Saturday, July 3, 2010, 8:40 PM
Author: sujusarang
Story Title: 18 guys live with me
Story URL: http://www.winglin.net/fanfic/sujusarang
Reviewer: dramafreak4eva @ shreddedhearts.blogspot.com
Title: 2/5
I really don’t like your title. Yes, it does suit the story but it’s way just too plain and cliché. It tells the whole story in just a few words. You want a title that is eye catching but also gives just a little hint of what the story might be.
Poster/Background: 4/5
I love the poster; it does suit the mood of your story.
Forewords: 5/10
Your forewords just had a quick sentence and question then a whole list of characters.
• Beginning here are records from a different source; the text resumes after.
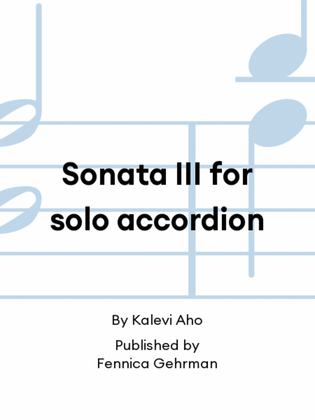 Sonata III for solo accordion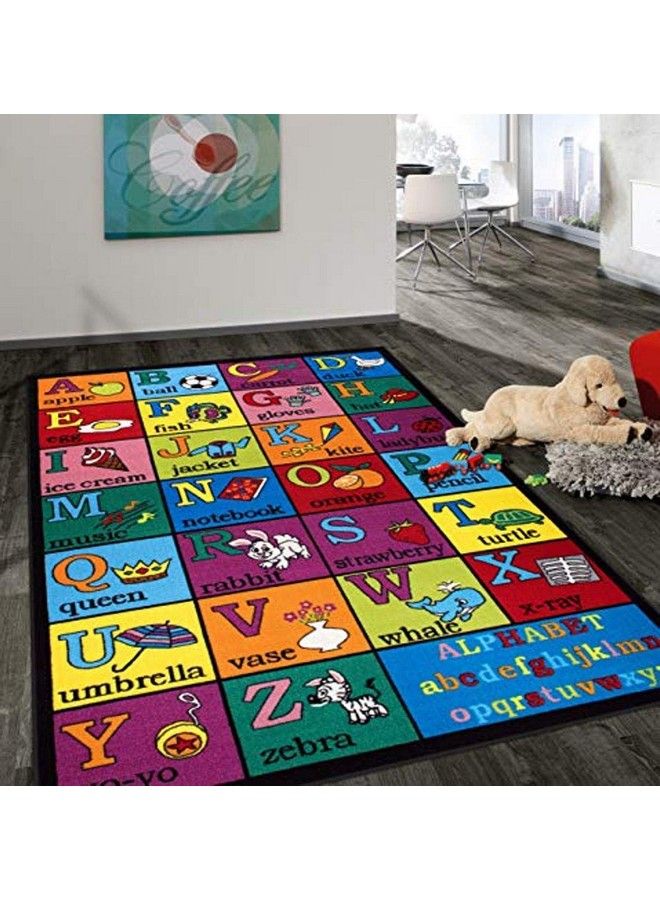 Kids Educational Learning Alphabet Non Skid (Non Slip) Area Rug 3'3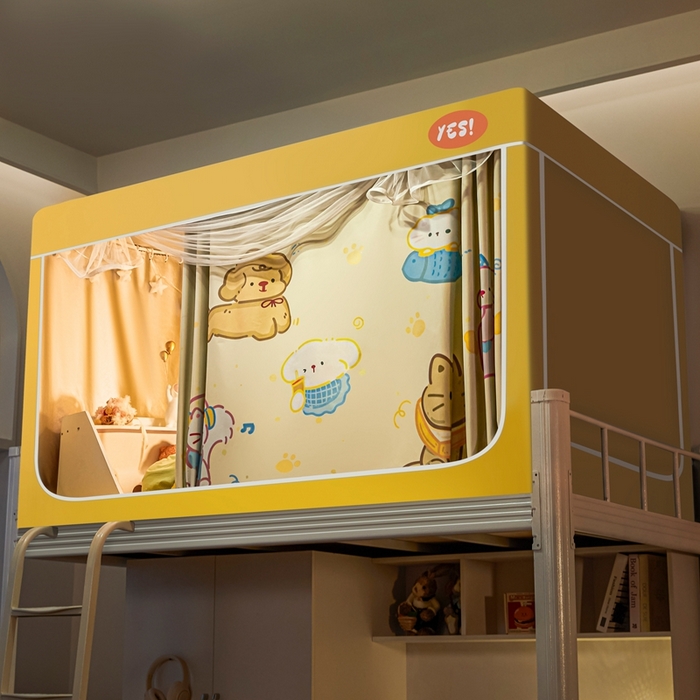 91家纺网 家纺一手货源 找家纺 卓尔居 2025新款学生遮光蚊帐 猫猫狗狗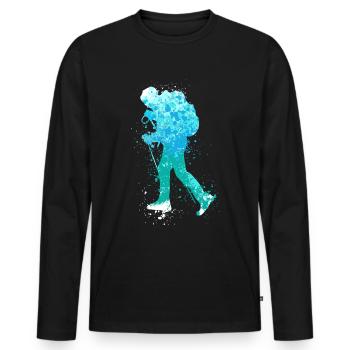 Splash Winter Randonnée - T-shirt manches longues Premium bio Homme - noir - Devant - Nico (187cm)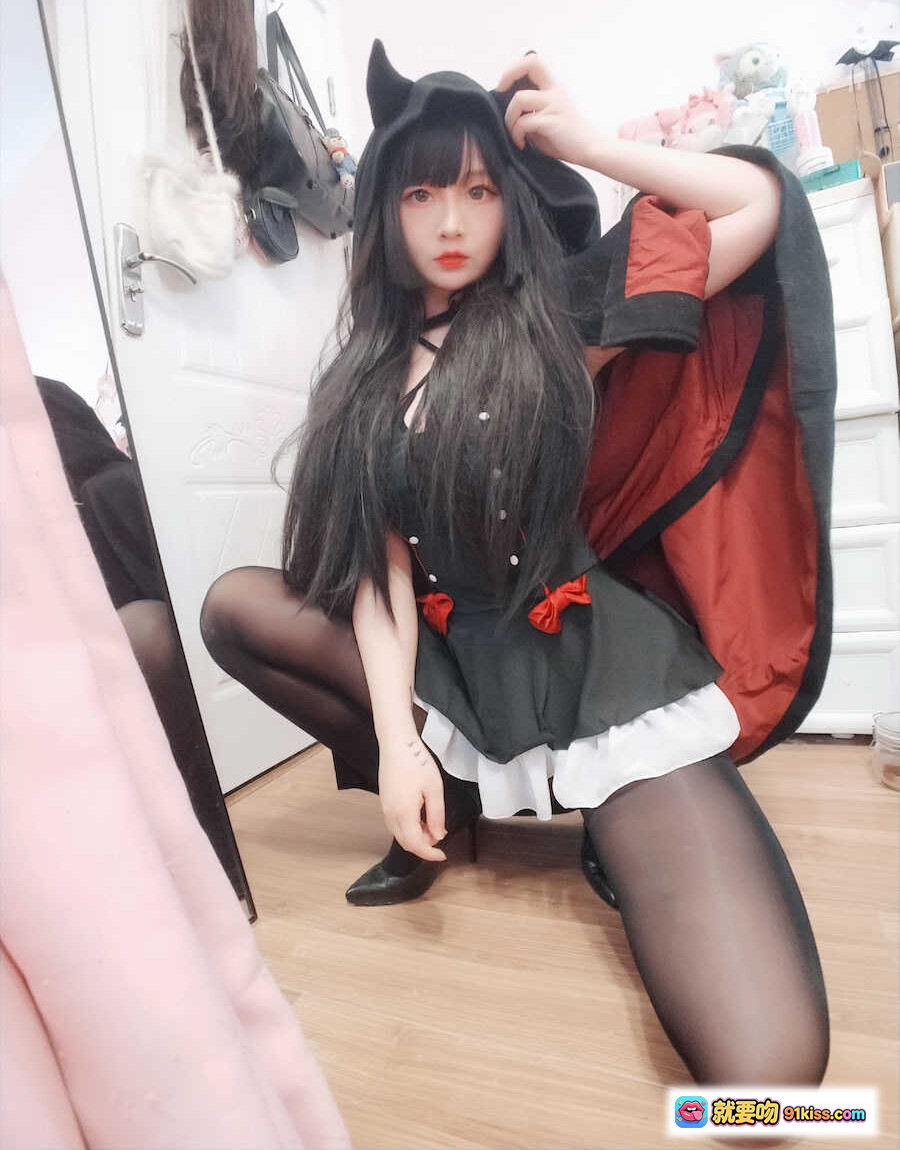 图片[3] - 古川NO.046小恶魔cosplay写真｜黑红恶魔装+猫耳兜帽+蕾丝边短裙+黑丝美腿｜41P高清图集 - 就要吻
A summary, preview and maybe even a character description of each character would be great. It doesn’t have to be long, just so the readers can understand each character beforehand. You lacked quite a lot of things in your forewords and also had a grammar mistake in your sentence.
Plot: 13/15
All I have to say is that it’s a cliché plot. The girl living with the guys, then falling in love. I have read many similar stories out there like this. A suggestion is just turning and twisting the plot so that it’s more exciting unlike the old cliché plots.
Originality: 17/20
As I said, it’s not really original. You should just ramble your brain for thoughts that will help you story improve. Even adding little things of your own is good; little things may seem like not much but if you add them together, they really do help.
Grammar/Spelling/Punctuation/Vocabulary: 12/15
There were a few mistakes and errors here and there. There wasn’t many spelling mistakes but there were a few grammar mistakes often appearing. You need to read over your story or even get a friend to re-read/check for mistakes. I really think you can use a large range of words than you have used. A few mistakes are:
“Ofcourse”
Correct: Of course
"Your welcome..I hope you'd enjoy with them.”
Correct: “You’re welcome. I hope you’ll enjoy it with them”
“Me and my members are now at the house.”
Correct: “My members and I are now at the house.”
I said with the most loud voice.
Correct: I said with a loud voice.
Detail: 4/5
You had not a lot of detail and characterization but just enough for a normal story. You need to be more descriptive with the characters and also things that happen in the story.
Writing Style: 8/10
Your writing style is okay. It’s understandable although it could be improved. Overall, it’s good. Just keep writing because practice helps. Practise makes perfect ;]
Overall Enjoyment: 8/10
Bonus: 4/5
Total: 77/100
I’m a pretty strict reviewer so don’t get let down! Remember, practice makes perfect J Just keep on writing and writing! Thanks for requesting at Shredded Hearts!